Kierkegaard does not mean that the incarnation, and whatever other Christian doctrines he may have in mind, are surprising or psychologically incredible to heathen peasants and German philosophers. It is not as if the common sense of the sinful human race never expected atonement and resurrection. This is not what Kierkegaard means by paradox and absurdity. He means precisely that the doctrines are self-contradictory, therefore meaningless, therefore absurd.

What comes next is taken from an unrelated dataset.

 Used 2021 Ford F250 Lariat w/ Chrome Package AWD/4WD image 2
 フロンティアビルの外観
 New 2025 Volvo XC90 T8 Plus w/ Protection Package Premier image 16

This is why a certain amount of intellectual ability and activity must accompany faith. He (a Christian), he may very well have understanding, indeed he must have it, in order to believe against understanding. [ Student Question: how does Van Till’s concept of paradox differ from Kierkegaard here?] I hope to talk about Van Till before the semester is over, let me say this, my impression is, I could mention some differences between the two, but my impression is that in spite of the fact that Van Till denies he is an neo-orthodox apologete, I think he has been very deeply influenced by neo-orthodoxy, and unwittingly supports their position. But let that do for the present and I’ll try to explain it further when we get to sometime…. Later on, maybe after the break, if there some parts of this you want to ask questions about, as to what they mean and so on, further explanation, I’ll be glad to do it. But, uh, I say I want to get over a few pages to make sure that the important parts are not missed.

At any rate, he defends the necessity of having an intellectual understanding, because you can’t believe absurdities unless you know what absurdities are. And hence you must be able to show that the Christian doctrines contradict each other. Now when you understand that the doctrines of Christianity contradict each other, and can’t possibly be true, then you must believe them – and that’s faith. And unless you deliberately believe absurdities, you have no faith.

This is a point to be noticed. Orthodox or traditional theologians, have often said that the truths of revelation, are not against reason, but above reason. For Kierkegaard, “the above” has no particular meaning, and faith is strictly against reason. This is why understanding and reason are essential. Every man can qualitatively distinguish between what he understands and what he does not understand. When he stakes his life on the absurd, he makes the motion in virtue of the absurd. And he is essentially deceived in case the absurd he has chosen can be proved to be not the absurd. To act in ignorance is not to act against reason; acting against reason requires a clear cut understanding that two propositions are contradictory, and a voluntary belief in both. So a Christian may very well have understanding, indeed he must have it in order to believe against understanding.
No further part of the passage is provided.